*Task instructions*. Find the line holding "CRYSTAL SPRINGS - Residential" in the entries below. Give it again exactly, along with every line after it up to and including the line holding "1663 SE 27th Drive 207, Homestead, FL 33035".

━━ Supplied records ━━

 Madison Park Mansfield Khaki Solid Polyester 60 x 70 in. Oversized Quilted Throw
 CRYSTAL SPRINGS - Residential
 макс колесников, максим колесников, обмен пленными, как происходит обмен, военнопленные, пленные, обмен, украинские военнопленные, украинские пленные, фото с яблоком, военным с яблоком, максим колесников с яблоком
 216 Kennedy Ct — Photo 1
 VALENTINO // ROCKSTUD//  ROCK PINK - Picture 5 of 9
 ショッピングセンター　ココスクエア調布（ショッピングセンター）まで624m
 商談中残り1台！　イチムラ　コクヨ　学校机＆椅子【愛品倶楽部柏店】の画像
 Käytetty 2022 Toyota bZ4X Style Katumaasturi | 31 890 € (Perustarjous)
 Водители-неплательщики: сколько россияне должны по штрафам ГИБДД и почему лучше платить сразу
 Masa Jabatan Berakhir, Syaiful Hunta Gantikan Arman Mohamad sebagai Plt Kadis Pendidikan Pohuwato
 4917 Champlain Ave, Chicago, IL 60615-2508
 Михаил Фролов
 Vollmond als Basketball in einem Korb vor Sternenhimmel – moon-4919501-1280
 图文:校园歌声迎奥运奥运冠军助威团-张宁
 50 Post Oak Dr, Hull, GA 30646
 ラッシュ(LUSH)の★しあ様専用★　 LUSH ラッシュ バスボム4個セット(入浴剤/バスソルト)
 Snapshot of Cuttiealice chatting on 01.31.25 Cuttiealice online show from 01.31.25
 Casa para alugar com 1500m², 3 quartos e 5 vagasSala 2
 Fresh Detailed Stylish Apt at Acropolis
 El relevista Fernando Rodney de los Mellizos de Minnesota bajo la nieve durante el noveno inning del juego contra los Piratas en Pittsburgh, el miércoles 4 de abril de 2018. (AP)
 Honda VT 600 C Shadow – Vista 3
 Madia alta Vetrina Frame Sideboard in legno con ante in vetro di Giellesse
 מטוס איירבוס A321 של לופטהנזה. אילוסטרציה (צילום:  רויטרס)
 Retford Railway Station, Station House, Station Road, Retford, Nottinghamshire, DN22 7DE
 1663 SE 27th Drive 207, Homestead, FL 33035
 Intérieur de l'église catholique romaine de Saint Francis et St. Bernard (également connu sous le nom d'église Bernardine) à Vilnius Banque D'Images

━━━

*Response*.
 CRYSTAL SPRINGS - Residential
 макс колесников, максим колесников, обмен пленными, как происходит обмен, военнопленные, пленные, обмен, украинские военнопленные, украинские пленные, фото с яблоком, военным с яблоком, максим колесников с яблоком
 216 Kennedy Ct — Photo 1
 VALENTINO // ROCKSTUD//  ROCK PINK - Picture 5 of 9
 ショッピングセンター　ココスクエア調布（ショッピングセンター）まで624m
 商談中残り1台！　イチムラ　コクヨ　学校机＆椅子【愛品倶楽部柏店】の画像
 Käytetty 2022 Toyota bZ4X Style Katumaasturi | 31 890 € (Perustarjous)
 Водители-неплательщики: сколько россияне должны по штрафам ГИБДД и почему лучше платить сразу
 Masa Jabatan Berakhir, Syaiful Hunta Gantikan Arman Mohamad sebagai Plt Kadis Pendidikan Pohuwato
 4917 Champlain Ave, Chicago, IL 60615-2508
 Михаил Фролов
 Vollmond als Basketball in einem Korb vor Sternenhimmel – moon-4919501-1280
 图文:校园歌声迎奥运奥运冠军助威团-张宁
 50 Post Oak Dr, Hull, GA 30646
 ラッシュ(LUSH)の★しあ様専用★　 LUSH ラッシュ バスボム4個セット(入浴剤/バスソルト)
 Snapshot of Cuttiealice chatting on 01.31.25 Cuttiealice online show from 01.31.25
 Casa para alugar com 1500m², 3 quartos e 5 vagasSala 2
 Fresh Detailed Stylish Apt at Acropolis
 El relevista Fernando Rodney de los Mellizos de Minnesota bajo la nieve durante el noveno inning del juego contra los Piratas en Pittsburgh, el miércoles 4 de abril de 2018. (AP)
 Honda VT 600 C Shadow – Vista 3
 Madia alta Vetrina Frame Sideboard in legno con ante in vetro di Giellesse
 מטוס איירבוס A321 של לופטהנזה. אילוסטרציה (צילום:  רויטרס)
 Retford Railway Station, Station House, Station Road, Retford, Nottinghamshire, DN22 7DE
 1663 SE 27th Drive 207, Homestead, FL 33035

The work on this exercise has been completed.